= Academia de Bellas Artes (Seville) =

Former art school in Seville, Spain

The Academia de Bellas Artes or Academy of Fine Arts of Seville was an institution for the instruction of students into the diverse arts. It was founded on January 1, 1660, upon the encouragement of Bartolomé Esteban Murillo, its first president. Murillo was able to also obtain the support of Juan de Valdés Leal, the second president and the younger Francisco de Herrera for this association, and the first meeting was attended by Herrera, Murillo, Valdés Leal, Sebastian Llanos y Valdes, Pedro Honorio de Palencia, Cornelio Schut, Ignacio de Iriarte, Matias de Arteaga, Matias de Carbajal, Antonio de Lejalde, Juan de Arenas, Juan Martinez, Pedro Ramirez, Bernabé de Ayala, Carlos de Negron, Pedro de Medina, Bernardo Arias Maldonado, Diego Diaz, Antonio de Zarzoza, Juan Lopez Carrasco, Pedro de Camprobin, Martin de Atienza, Alonso Perez de Herrera.

"The duties of the presidents, who revolved their position on alternate weeks, were to direct the progress of the pupils, resolve their doubts and settle their disputes, impose fines and preserve order in the school, and select new members entitled them to the rank of academician. The expenses of coal candle models and other items were defrayed by a monthly subscription of six reales, paid by each member; while students were liberally admitted for the purposes of study, on the payment of whatever fee they could afford.

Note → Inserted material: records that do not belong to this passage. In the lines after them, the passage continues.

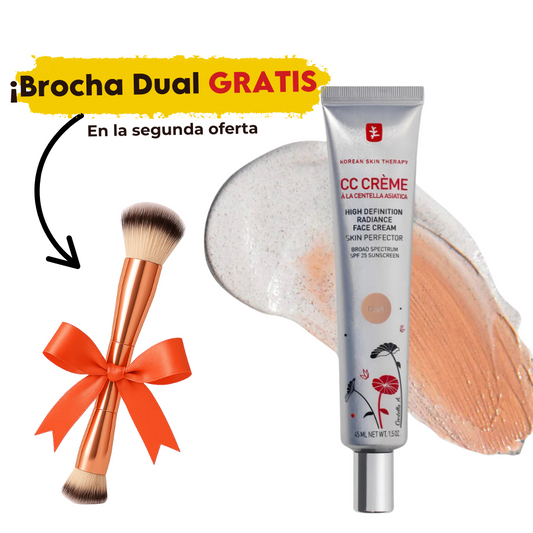 CC Cream Tono Mágico: La base que se adapta a ti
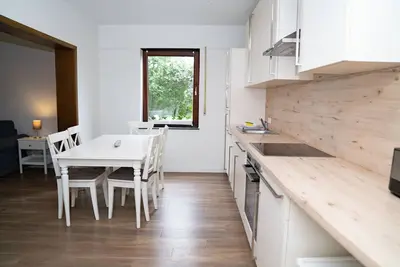 Image de Ferienwohnung/app. für 6 Gäste mit 80m² in Rabenkirchen-faulück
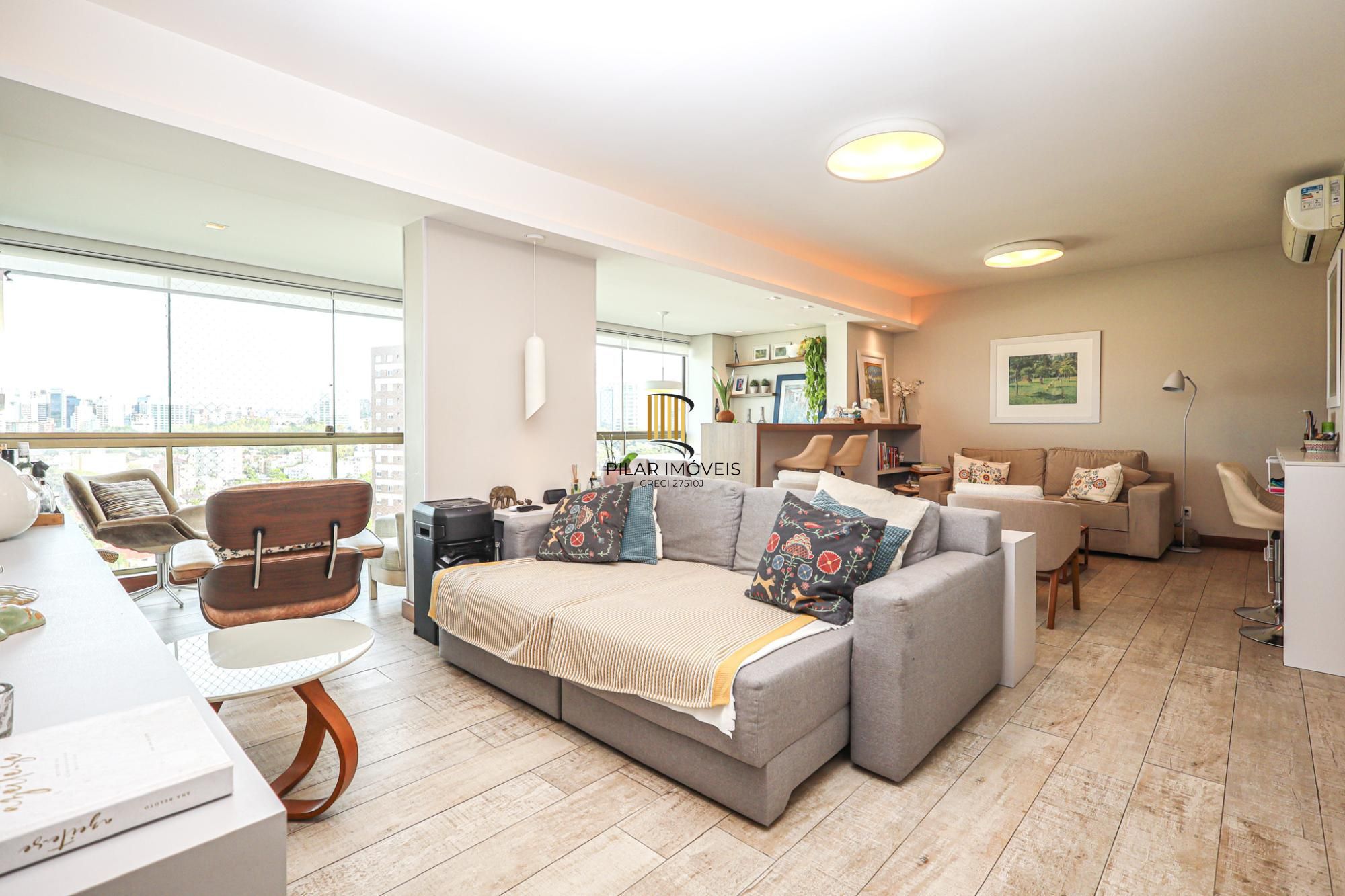 Apartamento no bairro Higienópolis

The students had to profess their orthodoxy by stating "Praised be the most holy Eucharist and the Immaculate Conception of Our Lady". In school, conversation on subjects irrelevant to the subjects of the school was prohibited, and the offender was fined if he persevered in it, after the president had rung his bell twice. Swearing, profane language, and offences
against good manners were also fined.

After a brief dip in students, by 1673, the academy had 43 members. The academy was not successful in fostering students that ever matched in eminence those of the academy's founders. This Sevillian Academy predated the Academia Real de Bellas Artes de San Fernando in Madrid.